══ Raw data

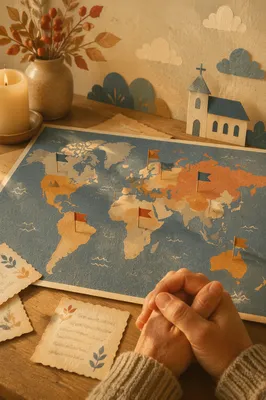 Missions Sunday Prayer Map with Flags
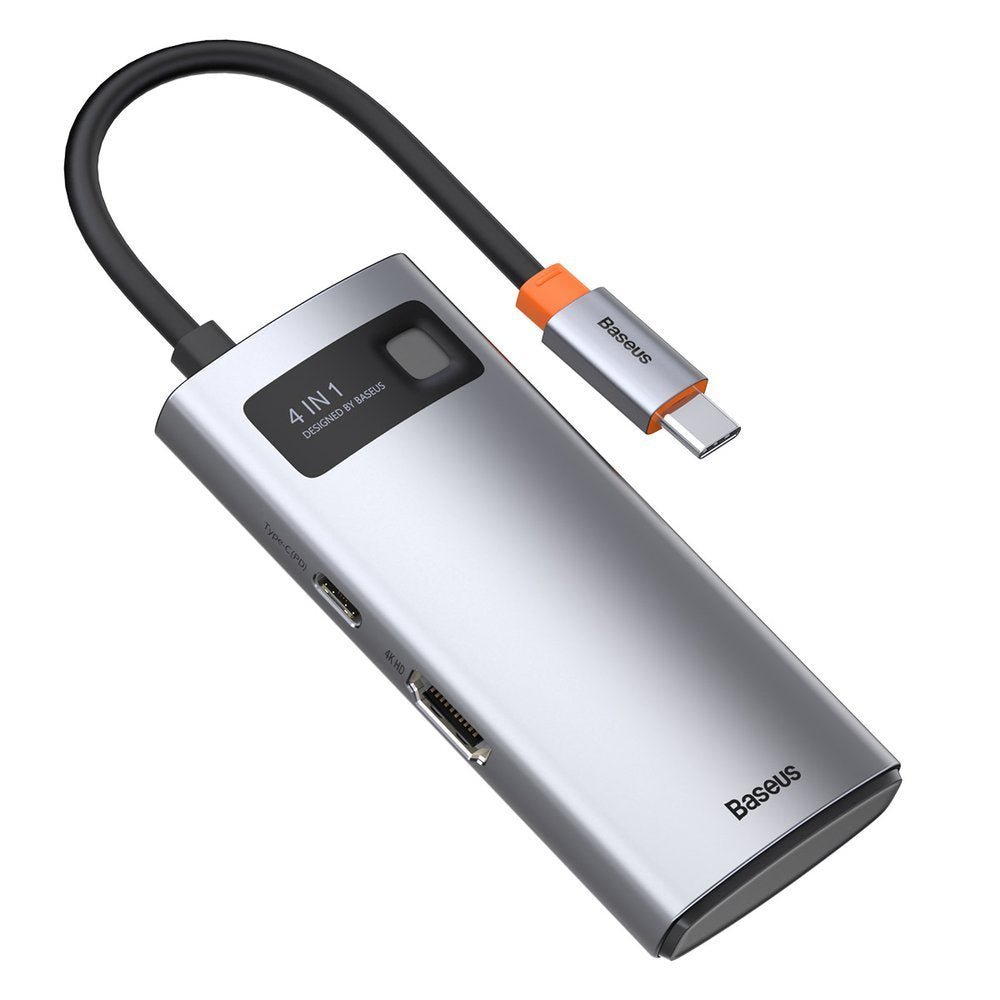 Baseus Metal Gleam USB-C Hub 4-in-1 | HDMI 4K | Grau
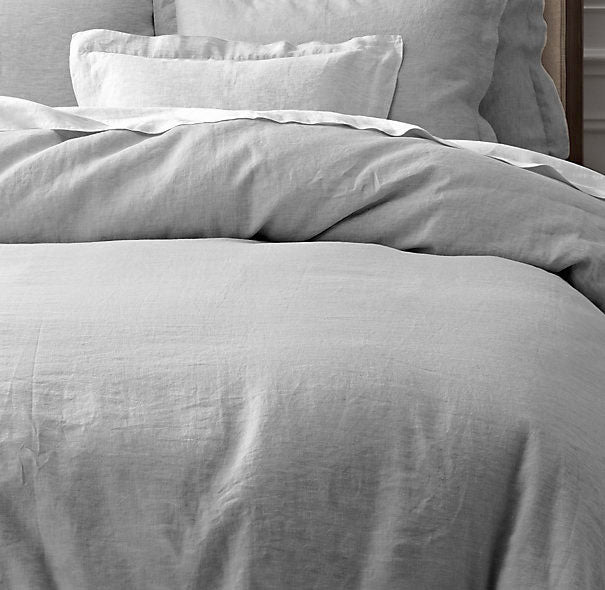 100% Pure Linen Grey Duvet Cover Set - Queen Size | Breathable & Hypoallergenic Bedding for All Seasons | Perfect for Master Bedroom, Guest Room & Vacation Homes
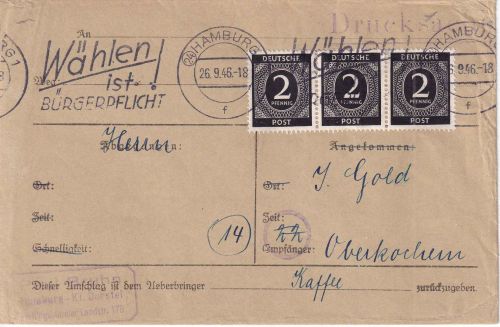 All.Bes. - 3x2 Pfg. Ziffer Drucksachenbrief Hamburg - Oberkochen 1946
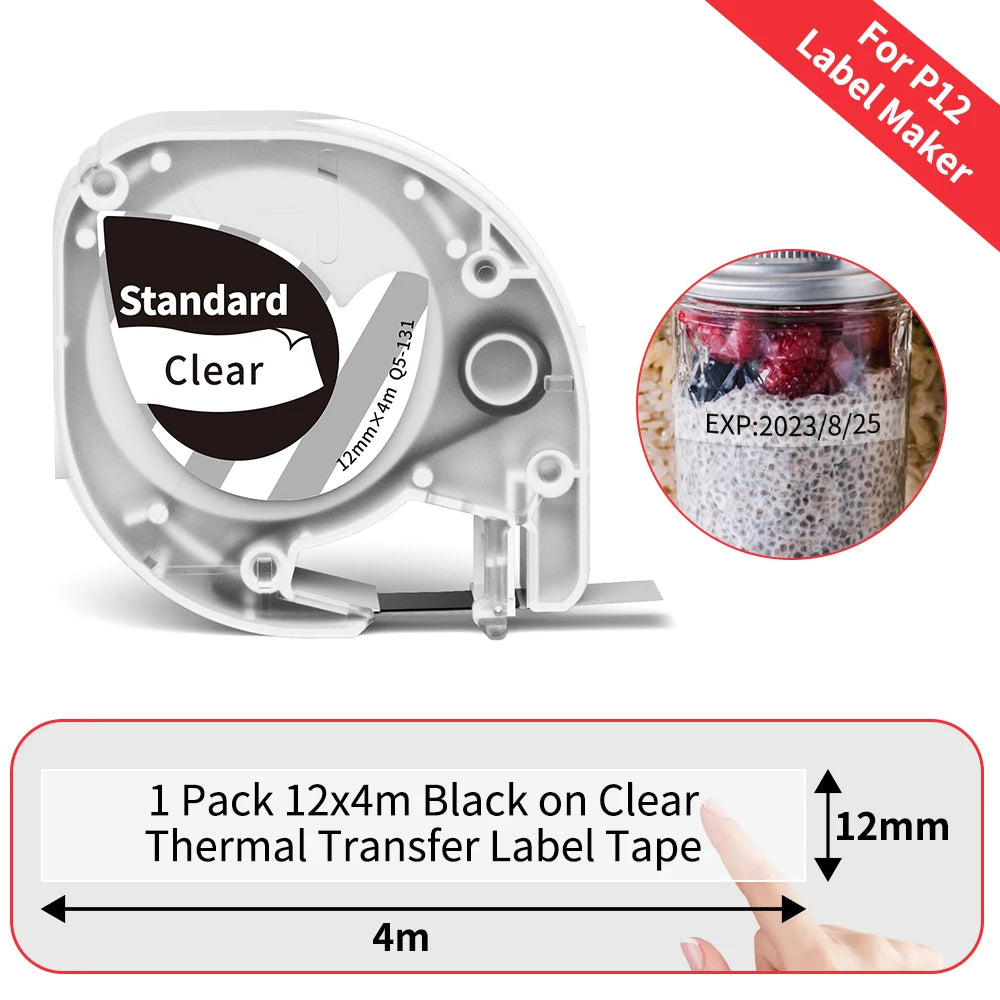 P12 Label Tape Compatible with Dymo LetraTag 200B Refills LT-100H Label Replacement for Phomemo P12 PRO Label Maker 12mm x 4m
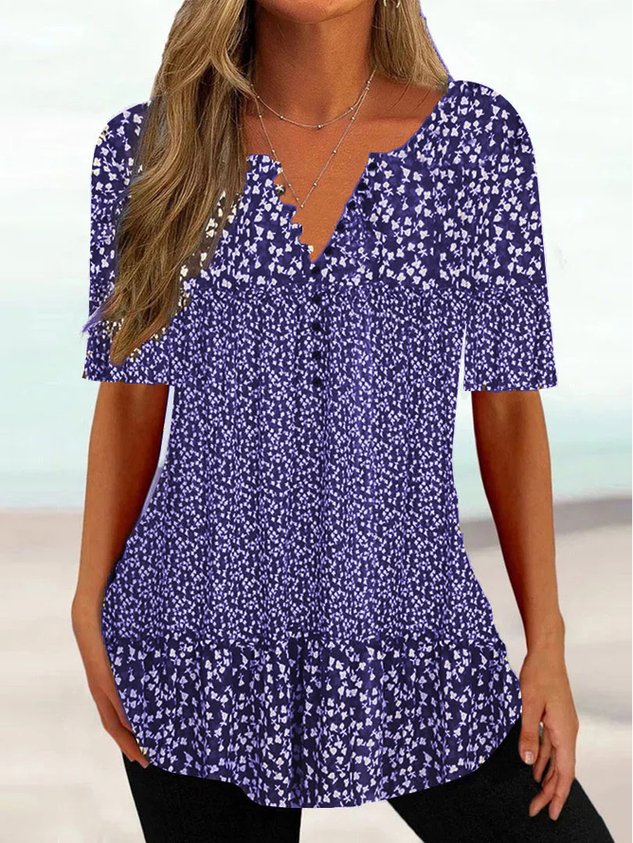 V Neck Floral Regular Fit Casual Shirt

════
══ Raw data

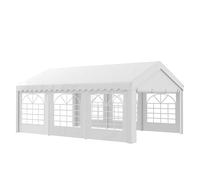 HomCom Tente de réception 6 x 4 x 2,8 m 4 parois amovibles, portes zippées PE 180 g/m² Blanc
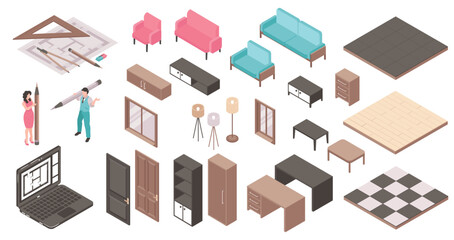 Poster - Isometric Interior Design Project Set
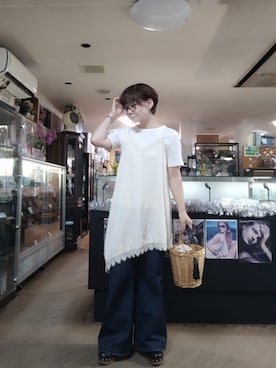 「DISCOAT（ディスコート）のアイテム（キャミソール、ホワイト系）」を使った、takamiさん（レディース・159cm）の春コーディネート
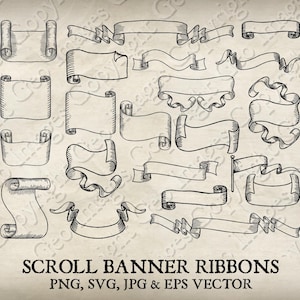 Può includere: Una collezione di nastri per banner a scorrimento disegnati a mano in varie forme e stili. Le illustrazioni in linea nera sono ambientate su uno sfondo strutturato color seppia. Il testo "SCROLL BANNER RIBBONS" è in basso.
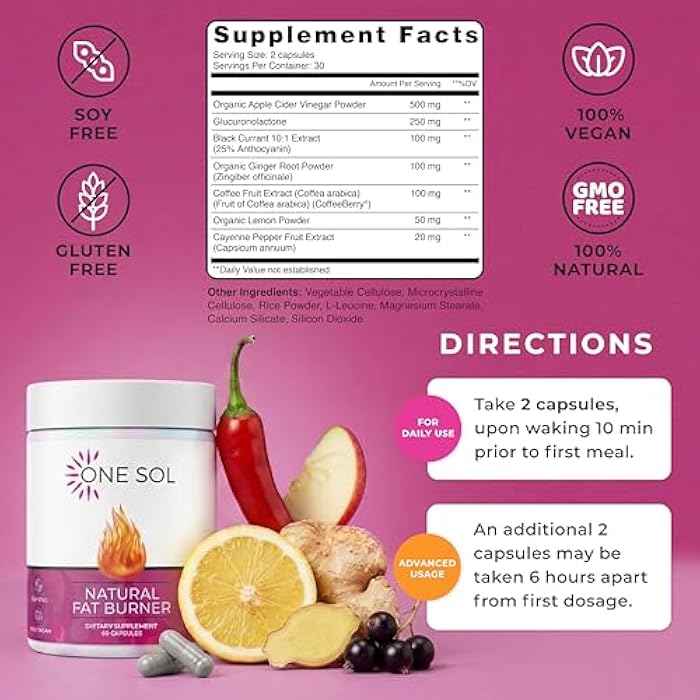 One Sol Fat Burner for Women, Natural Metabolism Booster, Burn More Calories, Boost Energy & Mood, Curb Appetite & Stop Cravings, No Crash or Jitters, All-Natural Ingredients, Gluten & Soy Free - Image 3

════
══ Raw data

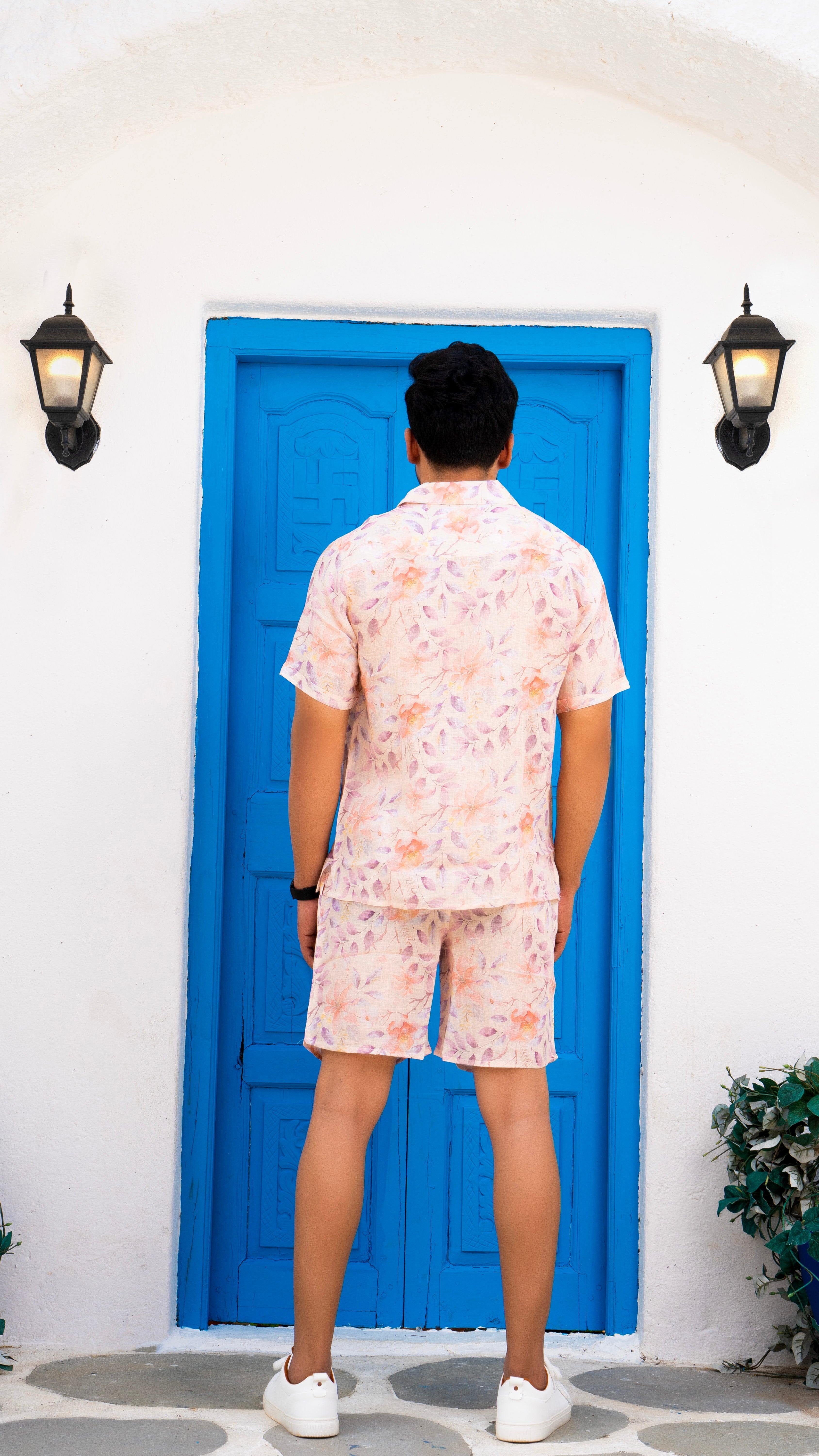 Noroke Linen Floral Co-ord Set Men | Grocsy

════

*What is expected:* Copy the lines above exactly, starting at the one with "HomCom Tente de" and ending at the one with "One Sol Fat", both included. Leave out any pictures and add nothing else.

*Exercise output:*
 HomCom Tente de réception 6 x 4 x 2,8 m 4 parois amovibles, portes zippées PE 180 g/m² Blanc
 Poster - Isometric Interior Design Project Set
 「DISCOAT（ディスコート）のアイテム（キャミソール、ホワイト系）」を使った、takamiさん（レディース・159cm）の春コーディネート
 Può includere: Una collezione di nastri per banner a scorrimento disegnati a mano in varie forme e stili. Le illustrazioni in linea nera sono ambientate su uno sfondo strutturato color seppia. Il testo "SCROLL BANNER RIBBONS" è in basso.
 One Sol Fat Burner for Women, Natural Metabolism Booster, Burn More Calories, Boost Energy & Mood, Curb Appetite & Stop Cravings, No Crash or Jitters, All-Natural Ingredients, Gluten & Soy Free - Image 3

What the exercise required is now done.